I have been looking at a number of different websites, and one said that some possible memory leaks could be because of sleeping a thread. This doesn't make sense to me, nevertheless, I am currently sleeping the threads to test the setup I have right now (I'm not actually doing any real I/O at the moment, just playing with threads).
==14072== 256 bytes in 1 blocks are still reachable in loss record 4 of 6
==14072== at 0x402732C: calloc (vg_replace_malloc.c:467)
==14072== by 0x400FDAC: _dl_check_map_versions (dl-version.c:300)
==14072== by 0x4012898: dl_open_worker (dl-open.c:269)
==14072== by 0x400E63E: _dl_catch_error (dl-error.c:178)
==14072== by 0x4172C51: do_dlopen (dl-libc.c:86)
==14072== by 0x4052D30: start_thread (pthread_create.c:304)
==14072== by 0x413A0CD: clone (clone.S:130)
==14072==
==14072== 630 bytes in 1 blocks are still reachable in loss record 5 of 6
==14072== at 0x402732C: calloc (vg_replace_malloc.c:467)

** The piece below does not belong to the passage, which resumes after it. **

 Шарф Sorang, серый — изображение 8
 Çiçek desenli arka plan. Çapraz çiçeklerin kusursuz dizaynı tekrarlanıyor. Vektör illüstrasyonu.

==14072== by 0x400A8AF: _dl_new_object (dl-object.c:77)
==14072== by 0x4006067: _dl_map_object_from_fd (dl-load.c:957)
==14072== by 0x4007EBC: _dl_map_object (dl-load.c:2250)
==14072== by 0x40124EF: dl_open_worker (dl-open.c:226)
==14072== by 0x400E63E: _dl_catch_error (dl-error.c:178)
==14072== by 0x4172C51: do_dlopen (dl-libc.c:86)
==14072== by 0x4052D30: start_thread (pthread_create.c:304)
==14072== by 0x413A0CD: clone (clone.S:130)
I am creating my threads with:
rc = pthread_create(&threads[t], NULL, thread_stall, (void *)NULL);
(rc = return code). At the end of the entry point, I call pthread_exit().
Here's my take:
1.If you want your threads to exit gracefully (killing them with open file or socket handles is never a good idea), have them loop on a termination flag:
while(!stop)
{
do work
}
Then when you catch the ctrl-c set the flag to true and then join them. Make sure to declare stop as std::atomic<bool> to make sure all the threads see the updated value. This way they will finish the current batch of work and then exit gracefully when checking the condition next time.
2.I don't have enough information about your code to answer this.